Pemex, la vache à lait du Mexique
Outre le manque de transparence du géant pétrolier, qui se trouve au centre de plusieurs affaires de corruption et de détournement de fonds, la compagnie nationale des pétroles mexicains, Pemex, est confrontée, depuis plus d’une décennie, à un autre problème grave : le vol de carburant, pompé clandestinement sur ses oléoducs, qui s’intensifie chaque année. Selon les chiffres publiés par la compagnie, 10 millions de barils sont volés annuellement, soit 15 000 par jour ! Ce qui représente le pompage de 99 000 litres de combustible par heure… Ce commerce illicite coûte cher à Pemex, puisqu’il provoque chaque année un manque à gagner de 800 millions de dollars. En revanche, côté crime organisé, les bénéfices annuels sont substantiels : plus de 5 milliards de dollars. La pratique est relativement simple : les voleurs pompent de l’essence ou du gasoil directement sur les oléoducs. Pour ce faire, ils percent un pipeline pour y installer un « robinet » (une soupape) duquel ils extraient le carburant. Plus de 3 700 prises clandestines sont découvertes annuellement. Ce commerce est récemment tombé aux mains des cartels de la drogue, qui contrôlent désormais le vol du pétrole et sa distribution sur le marché noir. Jusqu’ici, il était revendu dans les zones rurales ou dans les stations d’essence de Pemex. Désormais, les narcotrafiquants l’exportent aussi vers les États-Unis et l’Amérique centrale, le plus souvent par bateau. Cela explique aussi pourquoi ils ne volent plus seulement du pétrole raffiné, mais également du brut. Pemex tente bien de prendre des mesures. Ces dernières années, elle a dépensé des millions de dollars pour un système automatisé de surveillance qui l’informe lorsqu’une conduite est l’objet d’une perforation. Selon les dires de l’un de ses directeurs, Gustavo Hernández García, « à ce moment, l’oléoduc enregistre une réduction de pression et l’ordinateur indique où celle-ci se produit. A partir de là, nous pouvons envoyer les forces de sécurité sur place. » Pour autant, rien n’y fait. Ni une surveillance accrue, ni un code pénal plus sévère. Et pour cause : le réseau d’oléoducs qui permet à Pemex de transporter l’essence vers ses dépôts ou le brut vers ses raffineries mesure 37 000 km. Il est quasiment impossible de le surveiller !

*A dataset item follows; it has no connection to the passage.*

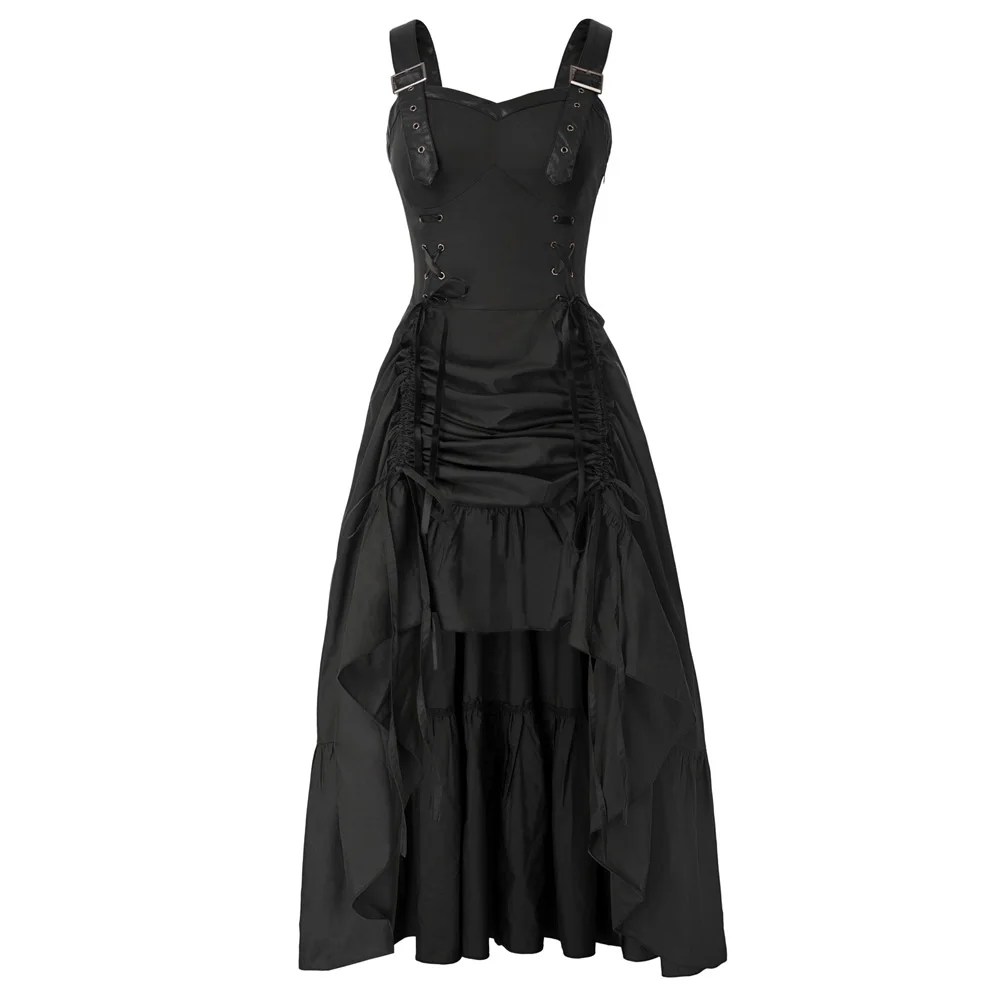 

Women Dresses Length Adjustable Punk Dress Steampunk Wide Shoulder Straps Sweetheart Neck Summer Cocktail Party Vintage Dresses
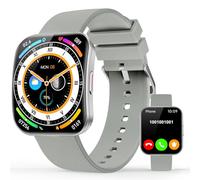 Smart Watch for Men Women, Bluetooth Calls, AI Dial, AI Q&A,1.85"HD AMOLED Curved Display Fitness Watch with Heart Rate/Sleep/SpO2/Stress Monitor, 110+ Sports Depth Waterproof Smartwatch, Light Gray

Une conjoncture défavorable
Oui, mais voilà : c’est sans compter avec les contretemps imposés par la conjoncture. Depuis la mi‐2014, les prix du pétrole sur le marché international se sont effondrés. Le baril de brut mexicain est passé en deçà de la barre des 50 dollars, alors qu’il se vendait encore 100 dollars en juin ! Si elle se maintient ou si elle s’accentue, cette chute spectaculaire aura deux conséquences importantes. Une grave crise budgétaire, que l’État mexicain devrait pouvoir conjurer au moins cette année grâce à des instruments financiers, comme le fonds de stabilisation des revenus pétroliers ou comme les couvertures pétrolières – des assurances signées avec des institutions internationales qui permettront de blinder le prix du baril à 76 dollars en 2015. Cependant, cette baisse des prix va rendre beaucoup moins attractifs les contrats que pourraient signer les grandes compagnies qui pensent explorer le pétrole en eaux profondes ou exploiter les gaz de schiste dans le nord du Mexique, car avec un prix du baril aussi bas, les marges bénéficiaires seront bien moindres. Dans ces conditions, les espoirs du gouvernement actuel de « maximiser la rente pétrolière et de convertir cette réforme énergétique en un facteur de développement économique, générateur d’emplois et d’investissements » pourraient bien s’évanouir. Seul l’avenir le dira.